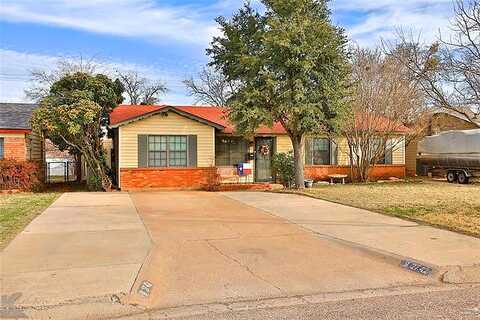 23Rd, ABILENE, TX 79605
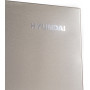 Холодильник Side by Side Hyundai CS4505F нержавеющая сталь
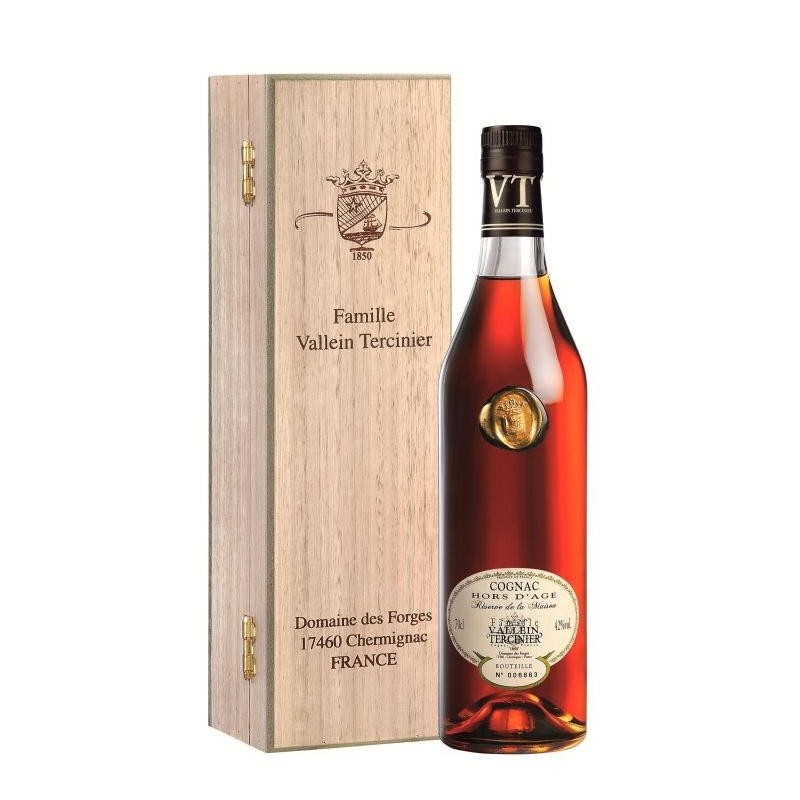 Hors d'Age Cognac Vallein Tercinier Hors d'Age Cognac Vallein Tercinier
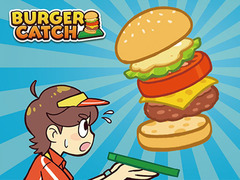 თამაშის Burger Catch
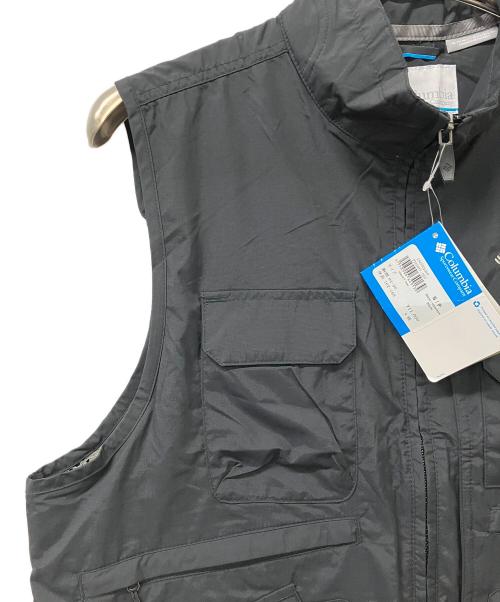 Columbia（コロンビア）Columbia (コロンビア) ベスト ヴィドラベスト ブラック サイズ:Sの古着・服飾アイテム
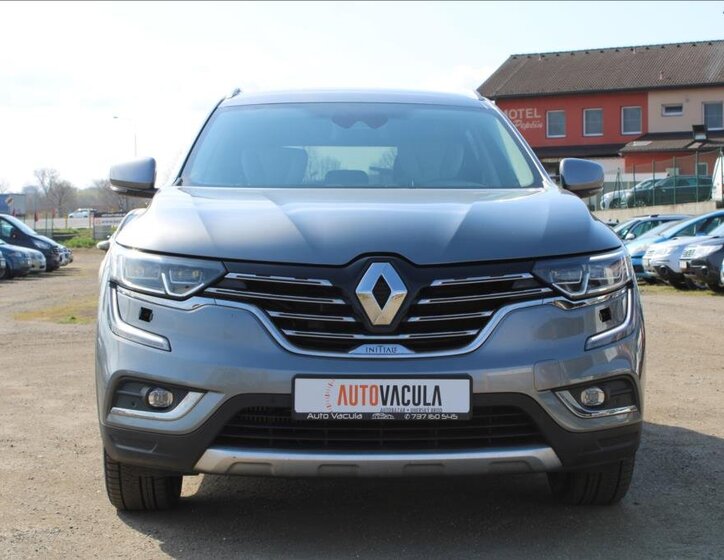Renault Koleos Ostatní 2,0 l 130 kw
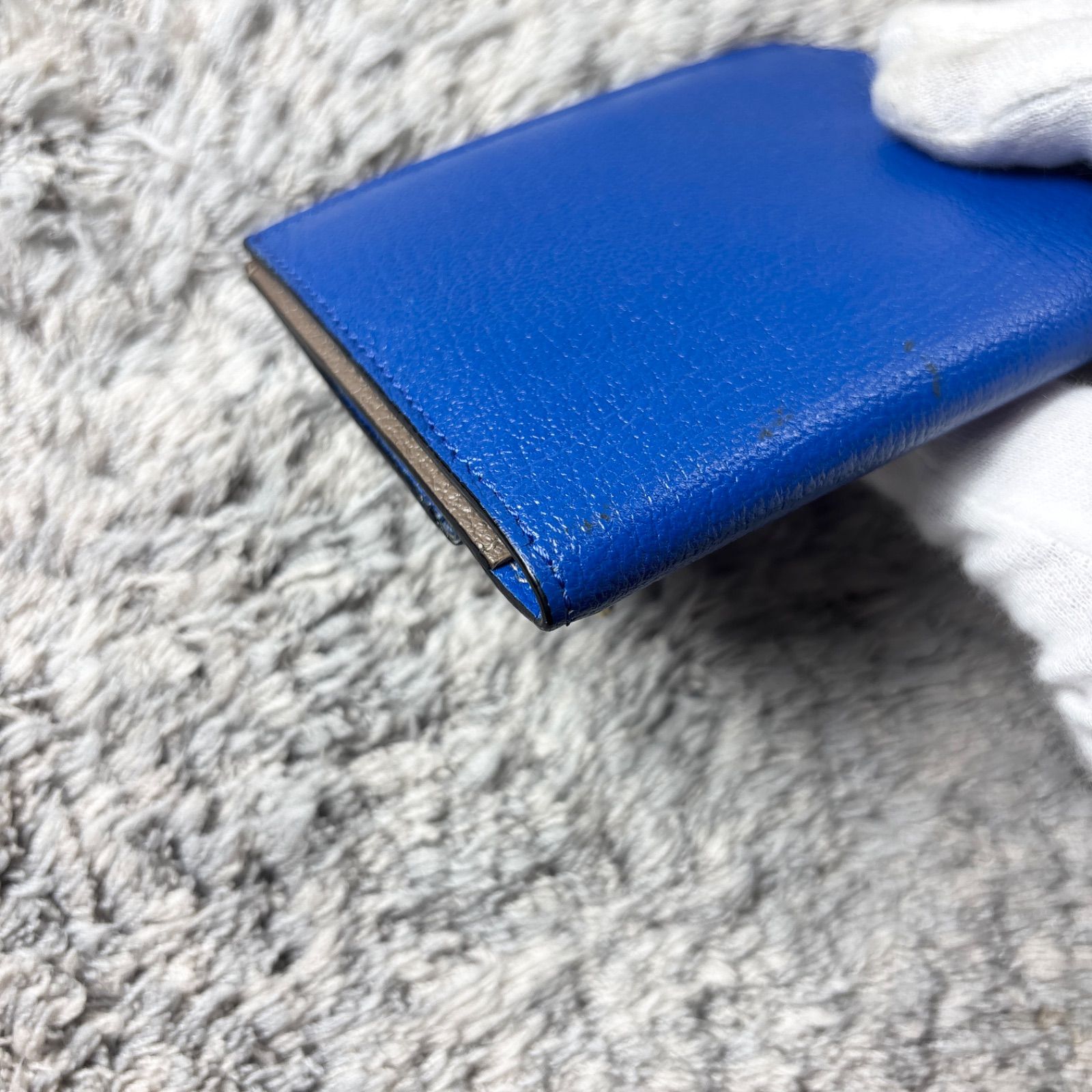 ラルコバレーノ 二つ折り財布 財布 L'arcobaleno 二つ折り L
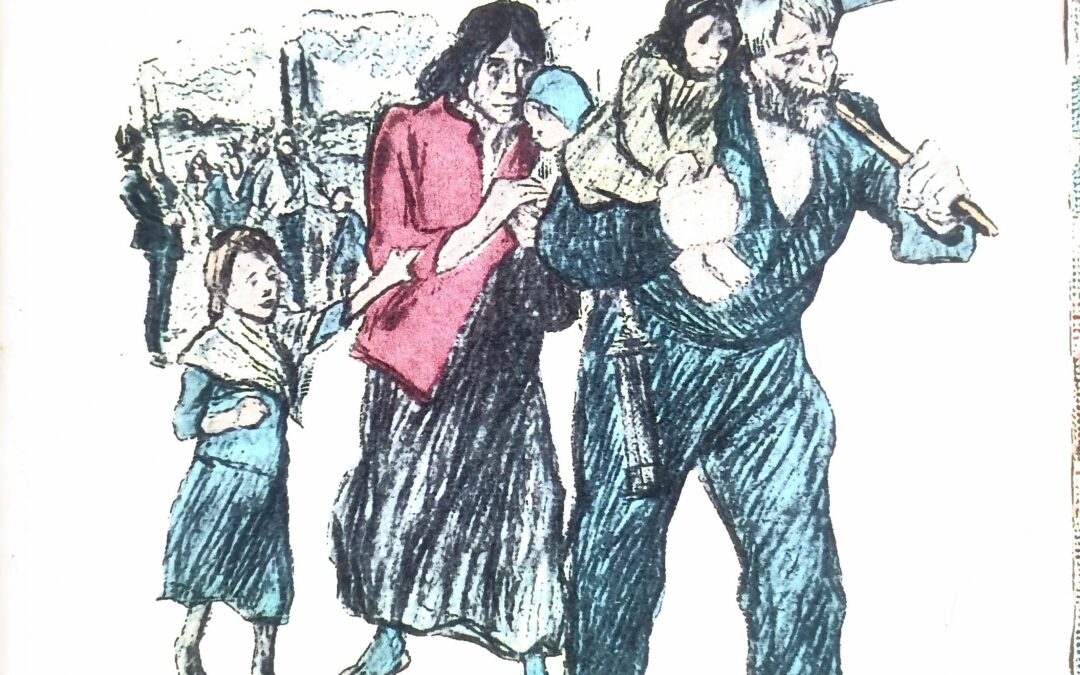 Le cheval cabré OU LA VIE DE JULES SIBILAT (1848-1897) MILITANT OUVRIER, COMPAGNON ET ANARCHISTE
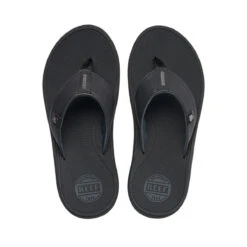 REEF Phantom Nias Sandals - Black/Grey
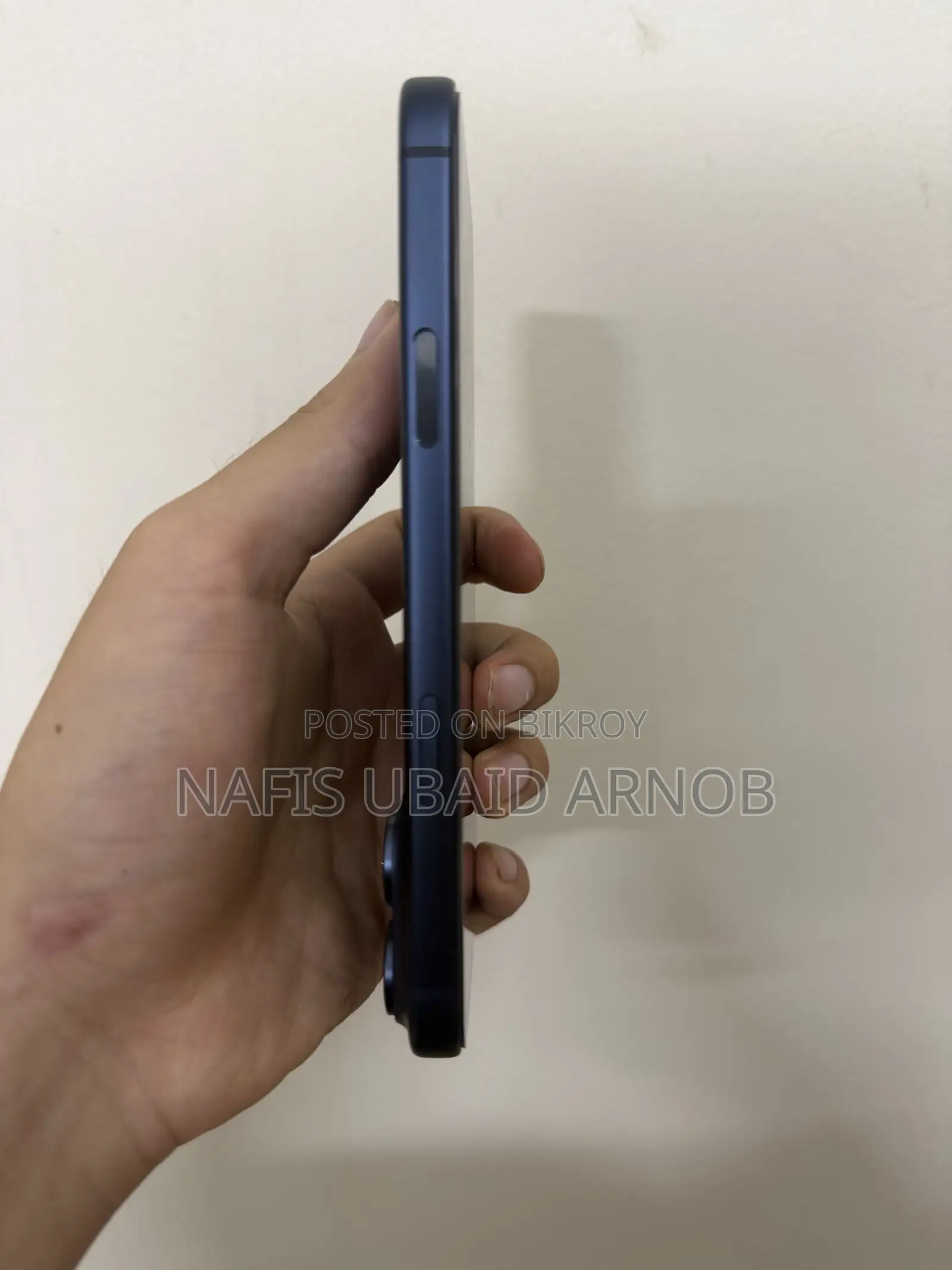 অ্যাপল আইফোন ১৭ প্রো ম্যাক্স ২৫৬ জিবি নীল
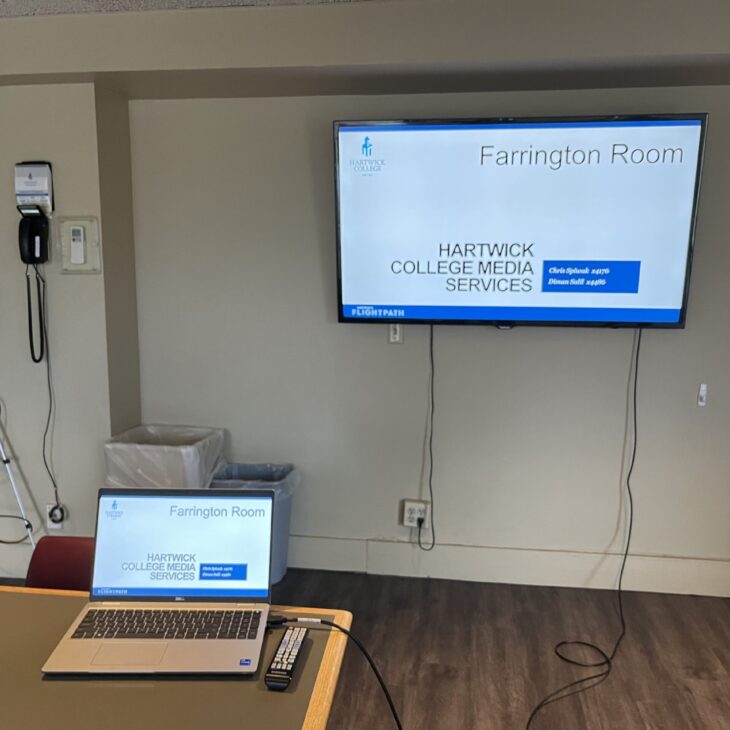 Farrington Room, Hartwick College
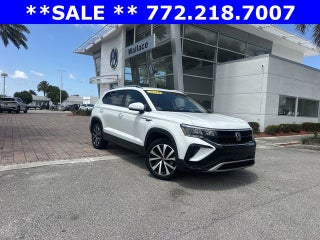 2024 Volkswagen Taos 1.5T SE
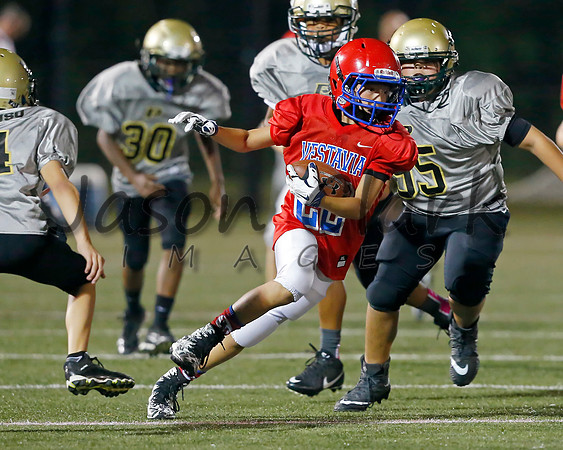 Vestavia Hills 6th Red
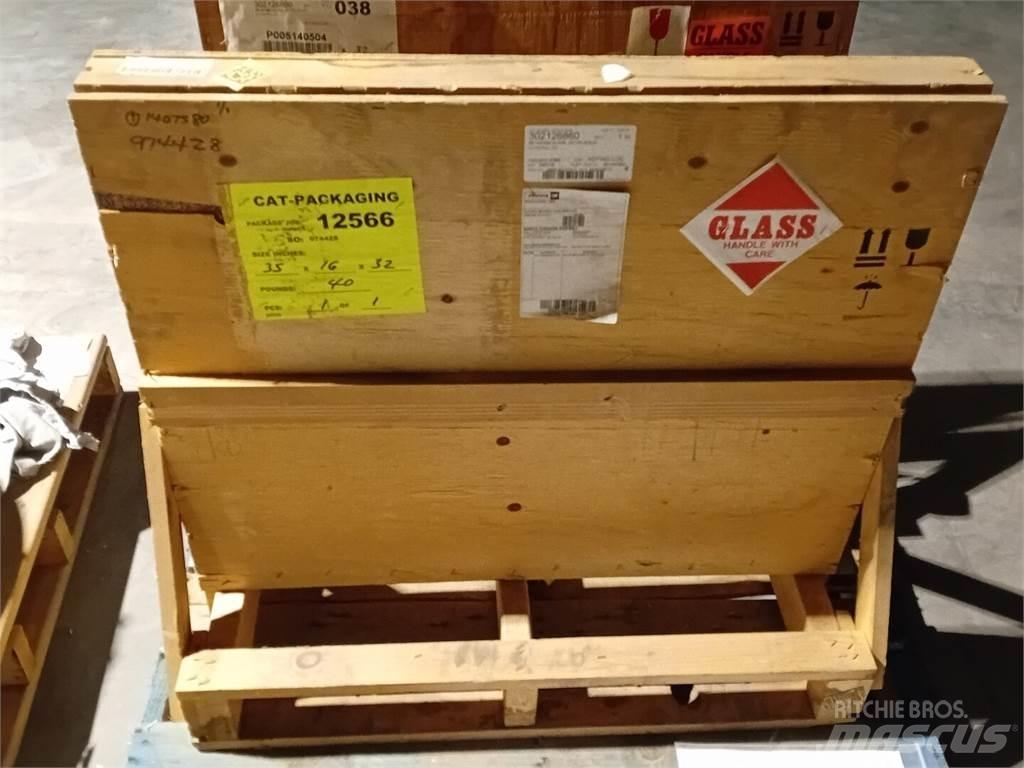 CAT 140-7580 Kita požeminė įranga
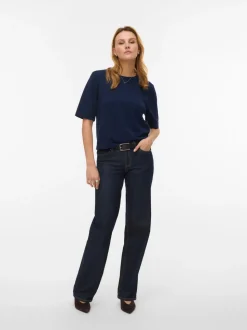 VMSILJE Gebreide pullover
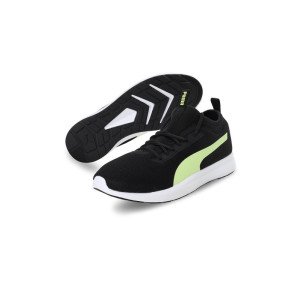 Puma Men Grasp Woven-Design Casual Sneakers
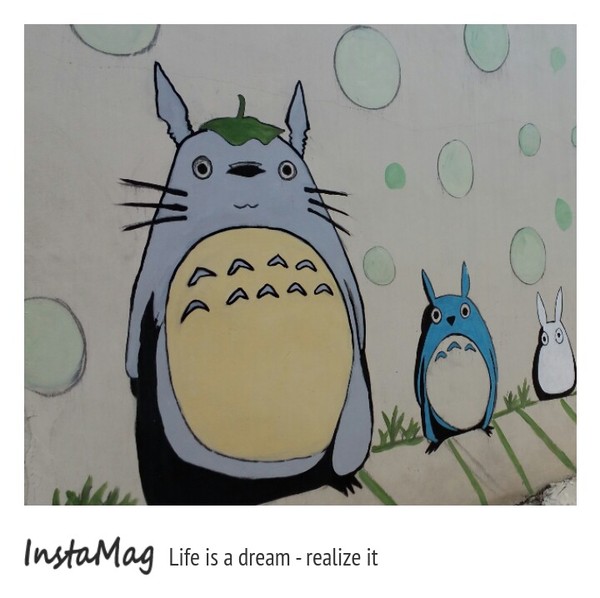 梧棲興農里彩繪村：【台中景點】明竹壇彩繪村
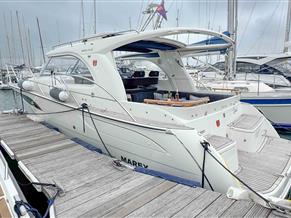 Marex 310 Sun Cruiser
============================================================
**PROBLEM STATEMENT**
Set down every record word for word and leave out the pictures.

**ANSWER SPACE**
 23Rd, ABILENE, TX 79605
 Холодильник Side by Side Hyundai CS4505F нержавеющая сталь
 Hors d'Age Cognac Vallein Tercinier Hors d'Age Cognac Vallein Tercinier
 თამაშის Burger Catch
 Columbia（コロンビア）Columbia (コロンビア) ベスト ヴィドラベスト ブラック サイズ:Sの古着・服飾アイテム
Renault Koleos Ostatní 2,0 l 130 kw
 ラルコバレーノ 二つ折り財布 財布 L'arcobaleno 二つ折り L
 Le cheval cabré OU LA VIE DE JULES SIBILAT (1848-1897) MILITANT OUVRIER, COMPAGNON ET ANARCHISTE
 REEF Phantom Nias Sandals - Black/Grey
 অ্যাপল আইফোন ১৭ প্রো ম্যাক্স ২৫৬ জিবি নীল
 Farrington Room, Hartwick College
 2024 Volkswagen Taos 1.5T SE
 Vestavia Hills 6th Red
 CAT 140-7580 Kita požeminė įranga
 VMSILJE Gebreide pullover
 Puma Men Grasp Woven-Design Casual Sneakers
 梧棲興農里彩繪村：【台中景點】明竹壇彩繪村
 Marex 310 Sun Cruiser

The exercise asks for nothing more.